### Excerpts from a dataset
++++++++++++++++++++

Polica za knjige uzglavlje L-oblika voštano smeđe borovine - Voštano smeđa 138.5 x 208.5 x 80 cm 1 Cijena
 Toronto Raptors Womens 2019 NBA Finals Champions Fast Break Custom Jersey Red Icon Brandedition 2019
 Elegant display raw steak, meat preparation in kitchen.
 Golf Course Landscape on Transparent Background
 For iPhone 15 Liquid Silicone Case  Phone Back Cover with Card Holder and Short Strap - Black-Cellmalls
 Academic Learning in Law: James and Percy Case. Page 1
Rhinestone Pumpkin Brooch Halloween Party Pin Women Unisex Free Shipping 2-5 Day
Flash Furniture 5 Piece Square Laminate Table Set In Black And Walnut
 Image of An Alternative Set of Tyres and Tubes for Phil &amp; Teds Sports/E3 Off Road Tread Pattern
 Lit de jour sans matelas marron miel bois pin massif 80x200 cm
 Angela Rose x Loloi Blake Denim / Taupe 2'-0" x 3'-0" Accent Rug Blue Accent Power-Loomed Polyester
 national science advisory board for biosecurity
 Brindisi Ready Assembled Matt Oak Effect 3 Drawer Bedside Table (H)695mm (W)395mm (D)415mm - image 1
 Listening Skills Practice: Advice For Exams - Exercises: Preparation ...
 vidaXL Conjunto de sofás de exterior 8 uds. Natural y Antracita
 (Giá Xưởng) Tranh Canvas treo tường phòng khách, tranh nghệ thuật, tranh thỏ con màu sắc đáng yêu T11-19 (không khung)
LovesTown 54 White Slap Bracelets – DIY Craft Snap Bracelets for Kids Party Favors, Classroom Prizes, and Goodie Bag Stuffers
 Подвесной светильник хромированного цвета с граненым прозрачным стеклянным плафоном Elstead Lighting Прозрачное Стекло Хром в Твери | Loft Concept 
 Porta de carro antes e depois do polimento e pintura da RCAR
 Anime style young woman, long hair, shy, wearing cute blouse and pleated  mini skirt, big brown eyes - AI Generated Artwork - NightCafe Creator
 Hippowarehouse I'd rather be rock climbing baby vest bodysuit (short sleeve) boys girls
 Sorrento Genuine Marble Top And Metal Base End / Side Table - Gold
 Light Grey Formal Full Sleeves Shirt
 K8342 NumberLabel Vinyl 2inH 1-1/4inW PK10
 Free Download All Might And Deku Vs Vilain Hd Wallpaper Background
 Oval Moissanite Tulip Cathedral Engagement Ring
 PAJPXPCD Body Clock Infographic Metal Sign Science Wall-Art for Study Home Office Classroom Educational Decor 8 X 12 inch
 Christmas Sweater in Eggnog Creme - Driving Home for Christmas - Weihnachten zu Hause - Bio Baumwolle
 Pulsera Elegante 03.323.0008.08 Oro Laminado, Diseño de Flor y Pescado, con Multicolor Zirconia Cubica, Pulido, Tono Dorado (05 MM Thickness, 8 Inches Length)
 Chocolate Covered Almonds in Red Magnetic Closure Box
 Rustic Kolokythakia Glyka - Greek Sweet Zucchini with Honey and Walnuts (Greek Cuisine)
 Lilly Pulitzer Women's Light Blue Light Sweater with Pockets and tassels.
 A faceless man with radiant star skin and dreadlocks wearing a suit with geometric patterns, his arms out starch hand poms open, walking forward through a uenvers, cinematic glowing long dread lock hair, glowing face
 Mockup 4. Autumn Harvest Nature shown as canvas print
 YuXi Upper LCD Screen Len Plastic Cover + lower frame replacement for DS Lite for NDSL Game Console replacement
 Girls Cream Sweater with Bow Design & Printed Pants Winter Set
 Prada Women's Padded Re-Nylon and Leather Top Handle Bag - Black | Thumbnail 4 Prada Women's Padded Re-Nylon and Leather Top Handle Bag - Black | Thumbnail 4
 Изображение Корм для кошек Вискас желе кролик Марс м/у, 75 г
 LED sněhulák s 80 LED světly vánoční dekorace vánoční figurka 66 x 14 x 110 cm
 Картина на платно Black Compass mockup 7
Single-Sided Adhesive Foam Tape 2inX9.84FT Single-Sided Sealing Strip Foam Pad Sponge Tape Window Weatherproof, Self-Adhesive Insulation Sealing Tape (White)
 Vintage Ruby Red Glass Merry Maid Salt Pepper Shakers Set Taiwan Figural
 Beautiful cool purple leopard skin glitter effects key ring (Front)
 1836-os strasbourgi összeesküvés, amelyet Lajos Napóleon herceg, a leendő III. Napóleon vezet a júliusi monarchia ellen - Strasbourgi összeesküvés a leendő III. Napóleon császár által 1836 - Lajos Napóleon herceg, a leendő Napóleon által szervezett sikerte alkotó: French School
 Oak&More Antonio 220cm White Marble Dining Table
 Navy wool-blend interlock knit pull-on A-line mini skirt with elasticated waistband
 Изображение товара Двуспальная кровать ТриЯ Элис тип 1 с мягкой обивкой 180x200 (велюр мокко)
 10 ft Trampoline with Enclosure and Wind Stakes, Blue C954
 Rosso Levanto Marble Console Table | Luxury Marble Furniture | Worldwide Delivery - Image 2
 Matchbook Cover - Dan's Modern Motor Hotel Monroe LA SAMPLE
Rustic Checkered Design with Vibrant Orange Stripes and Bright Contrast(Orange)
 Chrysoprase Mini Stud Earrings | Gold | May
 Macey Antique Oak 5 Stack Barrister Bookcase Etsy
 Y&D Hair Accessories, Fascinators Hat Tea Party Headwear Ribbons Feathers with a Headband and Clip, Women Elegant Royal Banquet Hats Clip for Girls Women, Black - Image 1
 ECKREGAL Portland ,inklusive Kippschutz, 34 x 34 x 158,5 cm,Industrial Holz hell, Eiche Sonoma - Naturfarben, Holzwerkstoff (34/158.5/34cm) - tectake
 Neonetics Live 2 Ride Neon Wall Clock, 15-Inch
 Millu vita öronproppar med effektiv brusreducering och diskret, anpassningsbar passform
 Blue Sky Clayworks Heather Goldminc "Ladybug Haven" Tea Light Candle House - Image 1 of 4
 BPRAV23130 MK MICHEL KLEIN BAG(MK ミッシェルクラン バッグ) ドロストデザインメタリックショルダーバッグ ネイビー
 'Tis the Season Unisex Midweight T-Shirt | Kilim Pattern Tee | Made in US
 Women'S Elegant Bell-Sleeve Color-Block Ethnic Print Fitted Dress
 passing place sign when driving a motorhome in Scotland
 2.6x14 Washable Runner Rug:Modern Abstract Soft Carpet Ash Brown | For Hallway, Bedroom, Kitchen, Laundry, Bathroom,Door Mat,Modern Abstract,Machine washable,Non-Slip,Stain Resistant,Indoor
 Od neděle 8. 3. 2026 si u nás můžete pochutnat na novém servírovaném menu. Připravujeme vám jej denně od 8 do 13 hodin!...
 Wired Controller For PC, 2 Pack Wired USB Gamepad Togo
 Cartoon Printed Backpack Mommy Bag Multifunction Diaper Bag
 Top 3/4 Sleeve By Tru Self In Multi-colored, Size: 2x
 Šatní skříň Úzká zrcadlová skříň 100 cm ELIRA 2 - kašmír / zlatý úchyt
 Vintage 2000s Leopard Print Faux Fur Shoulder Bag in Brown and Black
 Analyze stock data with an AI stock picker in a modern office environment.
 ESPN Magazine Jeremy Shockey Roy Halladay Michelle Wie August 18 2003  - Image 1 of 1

++++++++++++++++++++

### YOUR GOAL
Retype the portion of the data above that starts on the line with "Blue Sky Clayworks" and finishes on the line with "Od neděle 8.", including both of those lines.

### TASK RESPONSE
 Blue Sky Clayworks Heather Goldminc "Ladybug Haven" Tea Light Candle House - Image 1 of 4
 BPRAV23130 MK MICHEL KLEIN BAG(MK ミッシェルクラン バッグ) ドロストデザインメタリックショルダーバッグ ネイビー
 'Tis the Season Unisex Midweight T-Shirt | Kilim Pattern Tee | Made in US
 Women'S Elegant Bell-Sleeve Color-Block Ethnic Print Fitted Dress
 passing place sign when driving a motorhome in Scotland
 2.6x14 Washable Runner Rug:Modern Abstract Soft Carpet Ash Brown | For Hallway, Bedroom, Kitchen, Laundry, Bathroom,Door Mat,Modern Abstract,Machine washable,Non-Slip,Stain Resistant,Indoor
 Od neděle 8. 3. 2026 si u nás můžete pochutnat na novém servírovaném menu. Připravujeme vám jej denně od 8 do 13 hodin!...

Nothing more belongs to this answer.